Книжный червь, эрудит. Не помню, где он учился. Кажется, у него был докторат по истории. Его истинной специальностью, любовью и профессией была столица Великого княжества Литовского, Вильно, его прошлое и архитектура. Возможно, у других городов тоже есть исследователи, которые любят старые камни и корпят над летописями. Вильно обрел своего знатока и поклонника в лице доктора Ежи Орды. А поскольку он вел аскетический образ жизни, нуждаясь лишь в самом необходимом, то казалось, что никакие карьерные искушения не оторвут его от бумаг и книг.
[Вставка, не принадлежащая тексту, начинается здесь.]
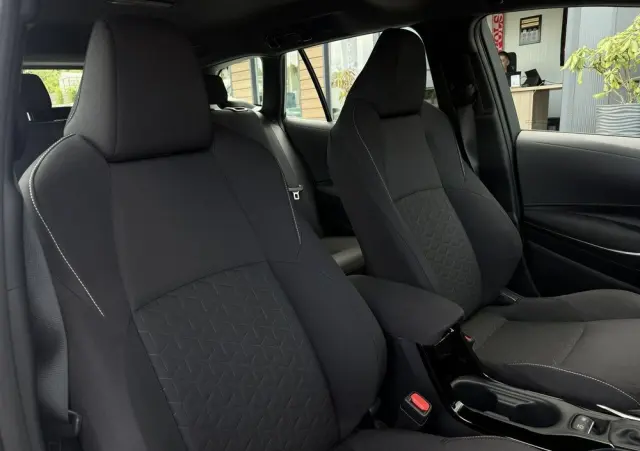 TOYOTA Corolla 1.8 Hybrid Comfort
Не оторвали его и политические события. Орда пережил в Вильно войну и депортации на Восток и не присоединился к великому исходу интеллигенции после 1945 года. Любопытно, с кем он потом дискутировал, если вся его среда, связанная с университетом, институтами и библиотеками, эмигрировала. Может быть, поскольку предмет его любви, город барочных храмов, спасся от разрушений, язык не был для него важен, и он нашел таких же фанатиков среди литовских поклонников Вильно? Я пытаюсь представить себе Орду жителем Советской Социалистической Республики, и у меня это не очень-то получается. Умер он в 1972 году. Остается надеяться, что десятки лет жизни в печальном, посеревшем городе не слишком тяготили его и внутренним оком он всегда созерцал его красоту.
Отвращение
Об этой сцене времен русской революции мне рассказал Юзеф Чапский. В буфете на железнодорожной станции обедал мужчина, отличавшийся от окружающих костюмом и поведением и явно принадлежавший к довоенной интеллигенции. Он привлек к себе внимание нескольких сидевших в ресторане хулиганов, которые подсели к нему, начали над ним насмехаться и, наконец, плевать ему в суп. Человек этот не защищался и не пытался прогнать обидчиков. Это продолжалось довольно долго. Внезапно он выхватил из кармана револьвер, сунул себе в рот и застрелился. Видимо, случившееся стало последней каплей, переполнившей чашу страданий, которые причиняло ему распоясавшееся безобразие. Наверное, он был тонкокожим и воспитывался в мягкой среде, которая плохо защищала от все более грубой реальности, воспринимавшейся низами общества как норма. После революции эти грубость и вульгарность вырвались наружу и стали атрибутом советской жизни.